You must have guessed by the usage of the term ‘band’ that this term denotes some kind of range. Therefore, the price band is the range of price within which the interested investors can make their bets in the concerned IPO.
The lot size denotes the minimum number of shares that you are allowed to big in any IPO. Remember, the bid you make in any IPO should be in multiples of the pre-set lot size and you cannot place your bid apart from what is set beforehand by the company and approved by SEBI. For instance, if the size of 1 lot is 1,000 shares then you need to make a bid of a minimum of 1,000 shares (1 lot) while the IPO is open for subscription. If you wish to place a bid for more shares then you would go ahead with a multiple of 1,000 like 2,000 or 3,000, so on and so forth.
As the name suggests, floor price denotes the minimum price of each share that an investor is allowed to invest in. Suppose, a company decides to give a price band for its IPO then in that case the lower limit is defined as the floor price. For instance, if the price band is that of Rs. 100-110 then, in this case, the floor price is Rs. 100 per share.
The offer date is also termed as the opening date of the concerned IPO. It is simply the date on which the IPO open up for investors to subscribe. The opening date or offer date is decided during the underwriting process and it is the first day on which the public issue is made available for the investor to make their bids. The underwriting process is done by a team of professionals from investment banks (hired by the concerned company) who look after the entire IPO process.
The process of book building is defined as the process of arriving at the efficient issue price of a share. The mechanism of book building involves collecting the bids at a price that is either above or equal to the floor price from all the investors.
Further, the efficient issue price is closer to the upper side of the price band if the investors show good interest in the IPO whereas the efficient issue price is closer to the lower side of the price band if the investors show limited response to the IPO.
After the book building process gets over, there is a set price at which the allotment process of the shares takes place after the IPO is closed.
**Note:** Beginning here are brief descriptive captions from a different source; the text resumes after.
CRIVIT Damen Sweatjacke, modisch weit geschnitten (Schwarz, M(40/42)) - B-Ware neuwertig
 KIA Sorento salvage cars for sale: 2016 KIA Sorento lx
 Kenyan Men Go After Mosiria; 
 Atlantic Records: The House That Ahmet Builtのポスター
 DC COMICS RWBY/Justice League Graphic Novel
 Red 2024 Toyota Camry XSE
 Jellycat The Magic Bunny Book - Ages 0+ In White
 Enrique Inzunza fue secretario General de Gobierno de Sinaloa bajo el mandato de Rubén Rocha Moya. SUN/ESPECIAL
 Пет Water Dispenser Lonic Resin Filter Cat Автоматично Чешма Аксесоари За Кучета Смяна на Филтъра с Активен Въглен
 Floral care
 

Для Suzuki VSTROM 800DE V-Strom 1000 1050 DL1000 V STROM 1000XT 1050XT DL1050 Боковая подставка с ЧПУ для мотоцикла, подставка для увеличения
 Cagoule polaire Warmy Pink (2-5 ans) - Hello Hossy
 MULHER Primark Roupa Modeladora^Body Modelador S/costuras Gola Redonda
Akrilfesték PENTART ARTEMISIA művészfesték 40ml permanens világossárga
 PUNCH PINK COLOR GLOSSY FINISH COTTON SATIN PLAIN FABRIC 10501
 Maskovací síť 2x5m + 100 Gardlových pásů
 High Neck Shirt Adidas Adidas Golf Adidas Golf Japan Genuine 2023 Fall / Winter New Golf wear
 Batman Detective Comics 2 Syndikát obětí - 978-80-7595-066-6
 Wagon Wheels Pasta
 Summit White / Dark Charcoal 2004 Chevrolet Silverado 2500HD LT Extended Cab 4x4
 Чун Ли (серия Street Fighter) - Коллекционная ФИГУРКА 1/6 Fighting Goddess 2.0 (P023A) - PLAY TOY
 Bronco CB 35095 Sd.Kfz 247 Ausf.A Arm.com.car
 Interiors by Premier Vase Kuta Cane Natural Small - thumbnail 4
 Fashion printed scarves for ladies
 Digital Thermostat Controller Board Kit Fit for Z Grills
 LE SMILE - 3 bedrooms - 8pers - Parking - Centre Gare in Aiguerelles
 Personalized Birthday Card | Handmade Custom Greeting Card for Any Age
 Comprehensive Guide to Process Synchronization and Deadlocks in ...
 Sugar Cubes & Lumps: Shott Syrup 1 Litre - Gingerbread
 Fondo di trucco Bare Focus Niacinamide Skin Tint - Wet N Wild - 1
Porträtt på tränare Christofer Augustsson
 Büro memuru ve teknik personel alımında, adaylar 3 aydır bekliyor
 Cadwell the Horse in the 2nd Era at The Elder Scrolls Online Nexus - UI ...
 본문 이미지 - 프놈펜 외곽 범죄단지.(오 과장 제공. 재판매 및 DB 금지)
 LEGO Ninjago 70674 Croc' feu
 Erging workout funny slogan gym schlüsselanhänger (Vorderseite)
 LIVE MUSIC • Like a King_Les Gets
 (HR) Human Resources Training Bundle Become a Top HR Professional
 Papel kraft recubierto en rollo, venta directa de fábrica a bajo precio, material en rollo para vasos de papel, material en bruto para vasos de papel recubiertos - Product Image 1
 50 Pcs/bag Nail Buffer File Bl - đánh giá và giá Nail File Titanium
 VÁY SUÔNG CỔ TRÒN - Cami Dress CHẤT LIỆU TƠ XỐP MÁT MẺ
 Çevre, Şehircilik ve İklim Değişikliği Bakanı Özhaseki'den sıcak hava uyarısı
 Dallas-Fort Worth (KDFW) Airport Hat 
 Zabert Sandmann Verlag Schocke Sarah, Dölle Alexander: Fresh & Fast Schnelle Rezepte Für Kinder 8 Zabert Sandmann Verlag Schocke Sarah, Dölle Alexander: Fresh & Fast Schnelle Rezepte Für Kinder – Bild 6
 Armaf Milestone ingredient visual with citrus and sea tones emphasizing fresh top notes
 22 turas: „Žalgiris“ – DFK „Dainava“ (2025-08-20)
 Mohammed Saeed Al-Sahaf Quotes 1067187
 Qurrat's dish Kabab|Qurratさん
This price is termed as issue price. Further, the issue price differs for each investor class and usually, it is kept lowest for the retail investors.
The minimum price at which the share allotment is done to the investors is called the cut-off price, The cut off price is mainly reserved or set for the investors belonging to the retail category. And, if you have made a bid at a higher price than the cut-off price during the time when IPO is open for subscription, then do not worry. This is because the difference is refunded to you within some time.
The term underwriter is used for the investment bank hired by the company that decides to go public through the process of IPO. There is a range of work performed by the underwriter, such as discussing (with the management of the company) and deciding the offer prices, handling the marketing of the IPO, distributing the shares, etc. In return for the services provided by the underwriter, it is paid a certain fee by the company.
Lastly, the listing date is the date or day on which the shares of the company get listed on either BSE, NSE or both the stock exchanges. Once listed on any stock exchange, the shares allotted to you in the IPO can be either be held or sold. The decision is yours! In fact, if you have not got any share in the allotment process then you can go on to buy shares from the stock market after listing.
I hope now you will not find any difficulty in understanding the nuances of the IPO prospectus.